● Given entries:
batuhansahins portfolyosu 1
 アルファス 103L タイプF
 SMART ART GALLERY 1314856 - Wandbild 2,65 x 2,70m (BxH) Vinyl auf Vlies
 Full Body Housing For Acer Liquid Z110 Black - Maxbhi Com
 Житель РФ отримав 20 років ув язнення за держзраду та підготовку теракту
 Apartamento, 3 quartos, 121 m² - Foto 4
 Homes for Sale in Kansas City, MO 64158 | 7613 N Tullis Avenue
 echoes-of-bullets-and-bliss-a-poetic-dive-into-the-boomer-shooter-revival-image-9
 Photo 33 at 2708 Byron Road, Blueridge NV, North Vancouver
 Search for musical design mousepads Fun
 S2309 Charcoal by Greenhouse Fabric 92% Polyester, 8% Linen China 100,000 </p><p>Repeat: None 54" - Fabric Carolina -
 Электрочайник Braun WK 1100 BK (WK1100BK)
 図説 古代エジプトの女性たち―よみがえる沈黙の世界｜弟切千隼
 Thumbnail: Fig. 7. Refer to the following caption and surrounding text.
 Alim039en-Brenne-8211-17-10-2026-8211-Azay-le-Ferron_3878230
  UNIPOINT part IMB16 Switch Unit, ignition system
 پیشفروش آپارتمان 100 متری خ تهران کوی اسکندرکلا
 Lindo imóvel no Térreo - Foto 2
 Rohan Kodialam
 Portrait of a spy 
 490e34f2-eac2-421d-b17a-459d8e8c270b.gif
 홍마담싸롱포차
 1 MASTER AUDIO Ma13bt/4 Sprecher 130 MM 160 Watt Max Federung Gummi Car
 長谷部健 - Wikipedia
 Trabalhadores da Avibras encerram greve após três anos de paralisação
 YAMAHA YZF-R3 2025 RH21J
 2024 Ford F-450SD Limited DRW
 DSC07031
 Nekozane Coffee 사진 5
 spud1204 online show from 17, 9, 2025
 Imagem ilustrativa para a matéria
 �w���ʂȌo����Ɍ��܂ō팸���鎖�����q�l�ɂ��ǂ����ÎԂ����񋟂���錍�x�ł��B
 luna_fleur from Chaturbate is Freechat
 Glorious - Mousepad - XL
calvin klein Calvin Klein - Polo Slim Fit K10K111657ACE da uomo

● Task item: Only the number is wanted: how many lines in the data include the string "Foto"?

● Result of this task: 2